== INFORMATION SHOWN
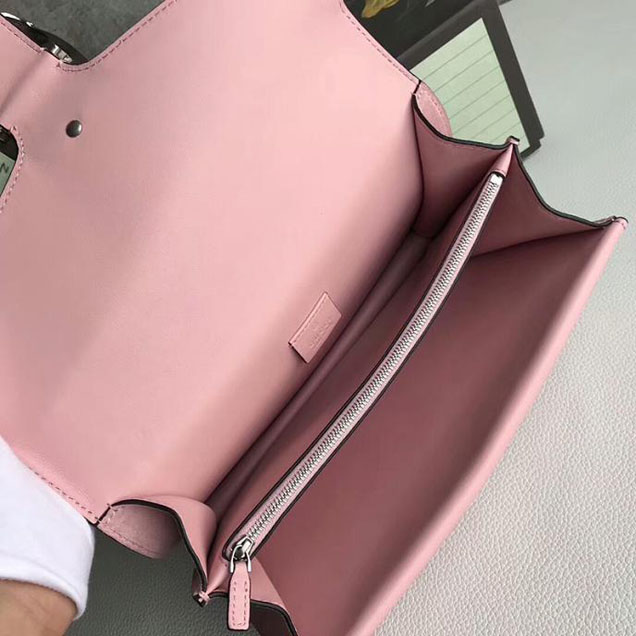 Gucci Dionysus Small Crystal Shoulder Bag 400249 28cm Pink Suede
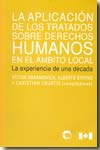 La aplicación de los tratados sobre Derechos Humanos en el ámbito local. 9789879120910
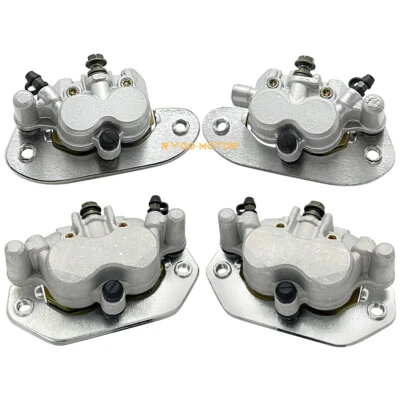 Pinza de freno delantera y trasera con pastillas para Yamaha Viking 700 YXM700 4x4 2014-2022 Foto 1 de 4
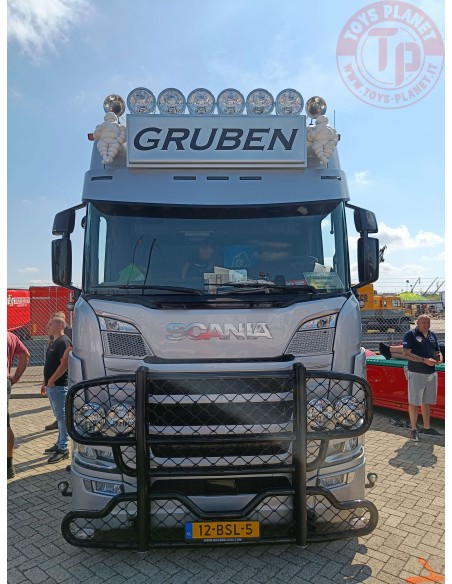 Scania Next Gen R-serie Highline 6x2 met walkingfloor trailer Gruben TEKNO 84641 TEKNO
====
### ACTIVITY
For this exercise, repeat word for word only the lines from the one containing "Pinza de freno" through the end of the data, including both. Pictures do not go in the copy.

### FINISHED EXERCISE
 Pinza de freno delantera y trasera con pastillas para Yamaha Viking 700 YXM700 4x4 2014-2022 Foto 1 de 4
 Scania Next Gen R-serie Highline 6x2 met walkingfloor trailer Gruben TEKNO 84641 TEKNO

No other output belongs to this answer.